New Biomedical Research Network to Be Headquartered at Stony Brook

Stony Brook University will lead a new, innovative network of regional biomedical research institutions to accelerate translational research that will impact and advance clinical care for many physical and mental health conditions.
Headquartered at Stony Brook University, the Long Island Network for Clinical and Translational Science (LINCATS) will be a collaboration with Brookhaven National Lab (BNL), Cold Spring Harbor Laboratory and the Northport VA Medical Center. Central to LINCATS’ establishment is $10 million in federal funding secured by U.S. Senator Charles Schumer and supported by U.S. Senator Kirsten Gillibrand, part of Congress’ omnibus funding bill, of which Long Island will receive some $50 million.
The overall mission of LINCATS is to accelerate the public health impact of research, especially for underserved communities across Long Island, by offering access to innovative and transformative research programs and educational services. To improve the health of Long Island’s three million-plus population, the bioscience collaborative will engage in work ranging from basic research and clinical trials, to addressing vulnerable populations and disparities, and incorporating innovative research and practices such as the use of bioinformatics, artificial intelligence, telehealth, genotyping, proteomics, and engineering-driven medicine.
“I am incredibly grateful to Senator Schumer for securing such crucial funding for the establishment of the Long Island Network for Clinical and Translational Science (LINCATS) at Stony Brook University,” said Stony Brook University President Maurie McInnis. “Through LINCATS, the entire Long Island community and the greater New York region will have access to a comprehensive health research network that is capable of a rapid response to emergent healthcare risks, including a future global pandemic. New York and the nation are fortunate to have such a visionary leader as Senator Schumer, who champions the cutting-edge science research and health innovation that will provide important and much-needed economic boosts to development on Long Island.”


This LINCATS map shows the hospitals, incubators and collaborative institutions that will be involved in the regional initiative to translate biomedical discoveries into clinical applications to improve health outcomes, address health disparities across communities, and educate the workforce.

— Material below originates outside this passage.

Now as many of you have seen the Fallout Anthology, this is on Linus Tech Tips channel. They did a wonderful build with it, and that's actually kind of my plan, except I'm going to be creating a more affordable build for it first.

The initial funding will help to scale up operations of this research and healthcare service network, creating an ecosystem that will fast-track the application of new scientific discoveries in clinical medical care.
“With renowned institutions like BNL, Cold Spring Harbor Lab, and Stony Brook University, Long Island is a hub for world-class scientific research and groundbreaking discoveries,” said Senator Schumer. “To bolster continued success and innovation, I worked to ensure that, as part of Congress’ historic bipartisan budget agreement, $10 million will head to Stony Brook to help create the Long Island Network for Clinical and Translation Science. Not only will LINCATS put Long Island on the map as a center of clinical healthcare research, it will help provide innovative new treatments to benefit more patients throughout the region.“
One specific aspect of the collaborative work will be researching and addressing diseases and environmental factors that are prevalent on Long Island, such as Lyme disease, emerging pathogens and environmental risks due to the impact of climate change on coastal resiliency, as well as the unique challenges related to opiate addiction.
“LINCATS is Stony Brook’s response to the National Institutes of Health’s call to action to create research hubs designed to expand and elevate the bench-to-bedside ecosystem within communities nationwide,” said Richard J. Reeder, vice president for research at Stony Brook University. “We are fully committed to supporting this prominent team of biomedical researchers and practitioners who are set to lead and deliver groundbreaking discoveries.”
LINCATS will also serve as a catalyst to create hundreds of new jobs in the bioscience sector, and potentially thousands of jobs when the infrastructure is fully operational. The network will provide a workforce of both scientists and clinicians from multiple institutions working in partnership with all communities across Long Island to address all healthcare challenges.
Anissa Abi-Dargham, a SUNY distinguished professor, vice chair for research and the Lourie endowed chair in psychiatry, will serve as the principal investigator and director of LINCATS. The leadership team at Stony Brook includes 17 people, virtually all of whom are prominent faculty scientists and medical scientists in multiple fields at the university, such as pharmacological sciences, infectious diseases, biotechnology, and public health.
“I am extremely thankful for Senator Schumer’s support of LINCATS,” said Abi-Dargham. “The funds will allow us to deepen our investments in the infrastructure, training and community engagement pillars necessary to fulfill the mission of LINCATS. I am also grateful for the team of scientists, educators and community members who worked with me to develop the large collaborative project, and for the assistance of the Office of Proposal Development under the direction of Nina Maung.”
When the program is officially in place, funds will also be used for core personnel, supplies and equipment, support for multidisciplinary research, and the construction of an inpatient research unit at Stony Brook Hospital for the purpose of translational and clinical biomedical research.